Due to high conductivity of fracture, hydraulic diffusion in fracture is fast, so compared with the effect of solute concentration diffusion on water phase flow in matrix, the solute concentration diffusion in the fracture has less influence on the water phase flow. Therefore, the influences of solute and capillary pressure are ignored.
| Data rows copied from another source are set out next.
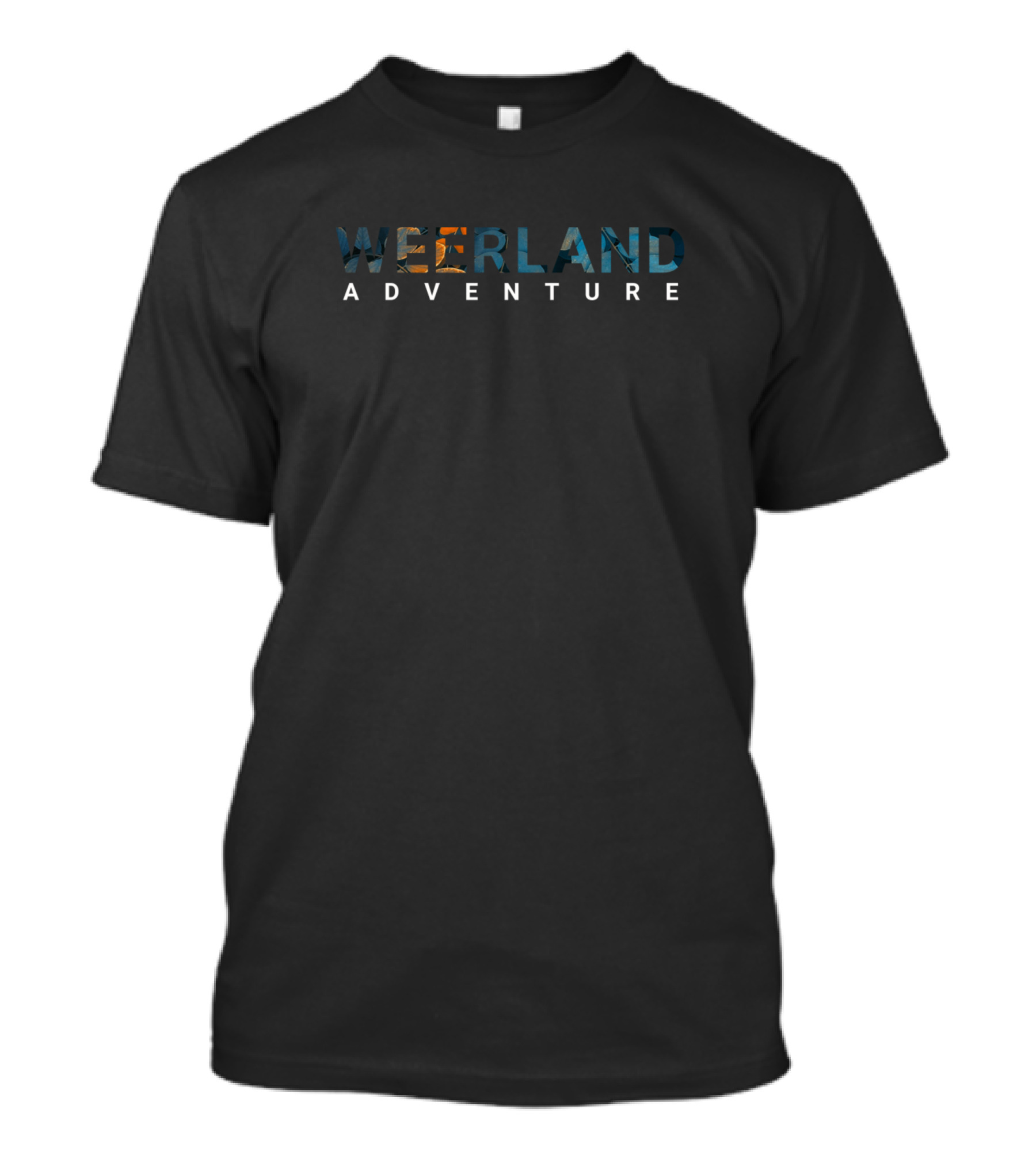 Weerland Adventure 1220 T-Shirt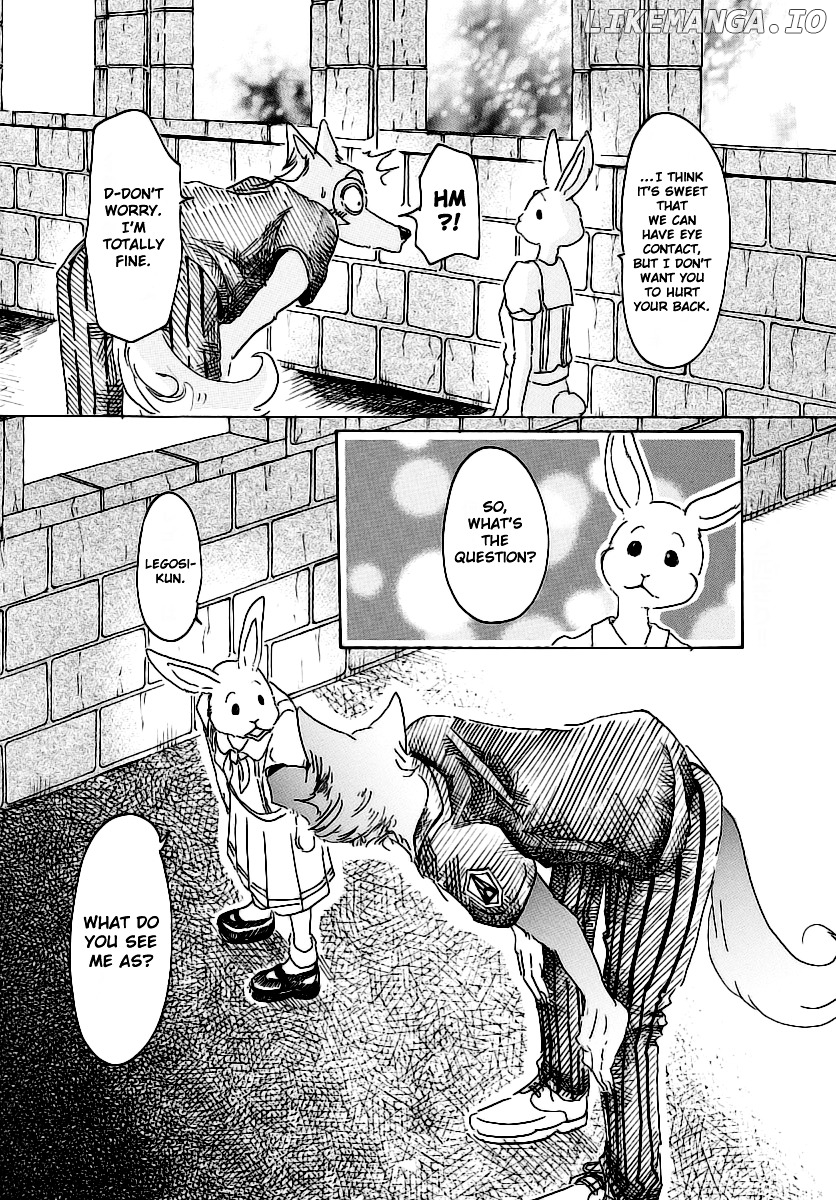 Beastars - Manga chapter 23 - page 2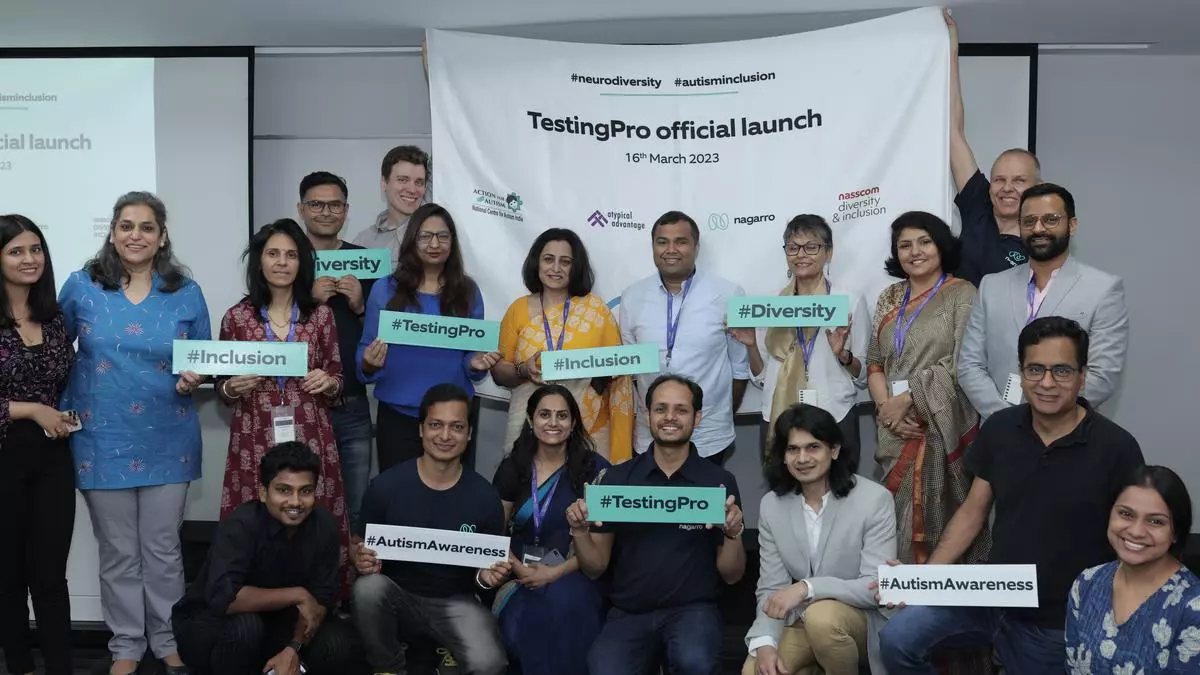 Nagarro partners with Atypical Advantage, Action for Autism, Nasscom to launch TestingPro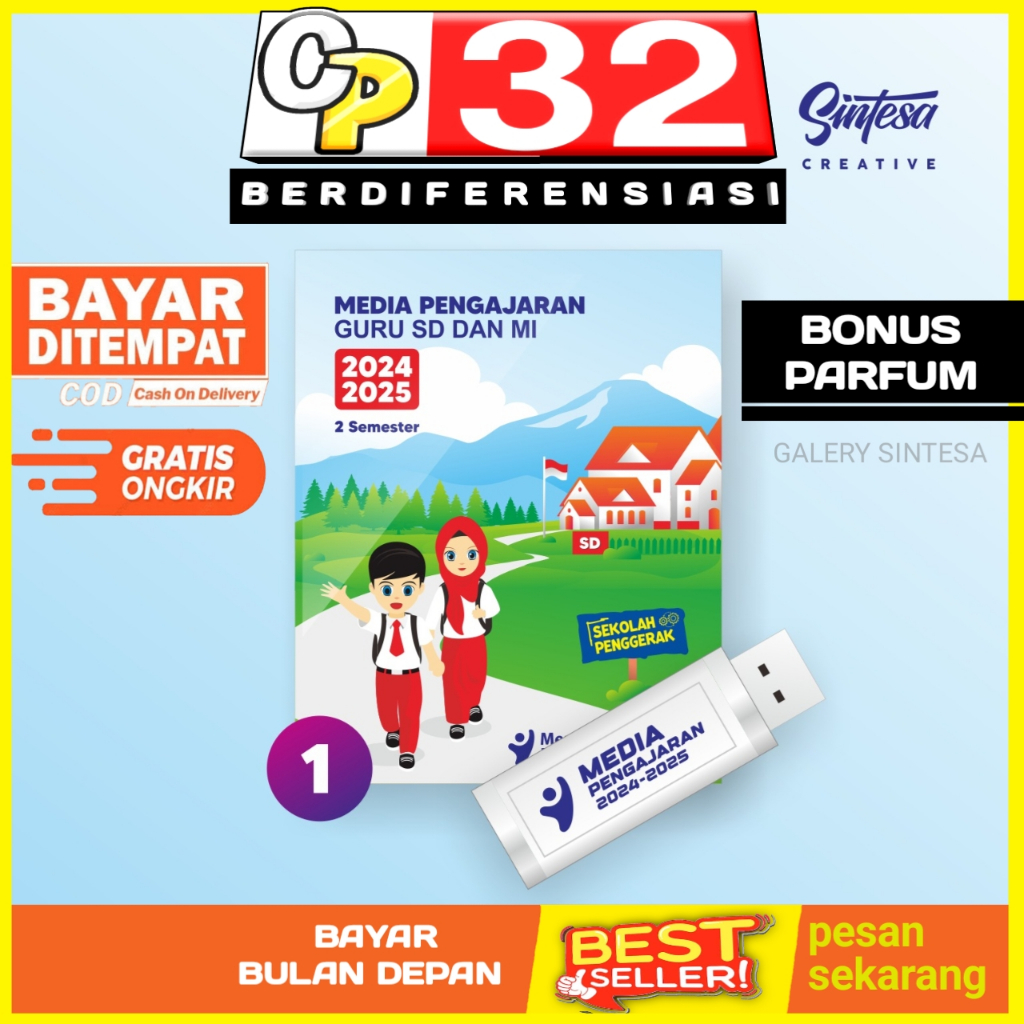 Jual REVISI TERBARU MODUL AJAR KURIKULUM MERDEKA SD KELAS 1 | Shopee ...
Based on Eqs. (1)-(4), one-dimensional flow equations of oil and water in hydraulic fractures can be deduced:
$\nabla \cdot \left[ {{K}_{\text{f}}}{{\lambda }_{\text{wf}}}\nabla \left( {{p}_{\text{wf}}}-{{\gamma }_{\text{w}}}{{D}_{\text{m}}} \right) \right]+{{q}_{\text{wmf}}}+{{q}_{\text{wf}}}\text{=}\frac{\partial }{\partial t}\left( {{\phi }_{\text{f}}}{{S}_{\text{wf}}} \right)$
$\nabla \cdot \left[ {{K}_{\text{f}}}{{\lambda }_{\text{of}}}\nabla \left( {{p}_{\text{of}}}-{{\gamma }_{\text{o}}}{{D}_{\text{m}}} \right) \right]+{{q}_{\text{omf}}}+{{q}_{\text{of}}}\text{=}\frac{\partial }{\partial t}\left( {{\phi }_{\text{f}}}{{S}_{\text{of}}} \right)$
In the process of injection, the source item adopts constant flow injection. In the production process, the sink term takes the oil production at fixed bottomhole pressure. In this case, the well index calculated for productivity can refer to the equivalent well index within fracture element derived by Moinfar et al. [25-26] based on the Peaceman well model.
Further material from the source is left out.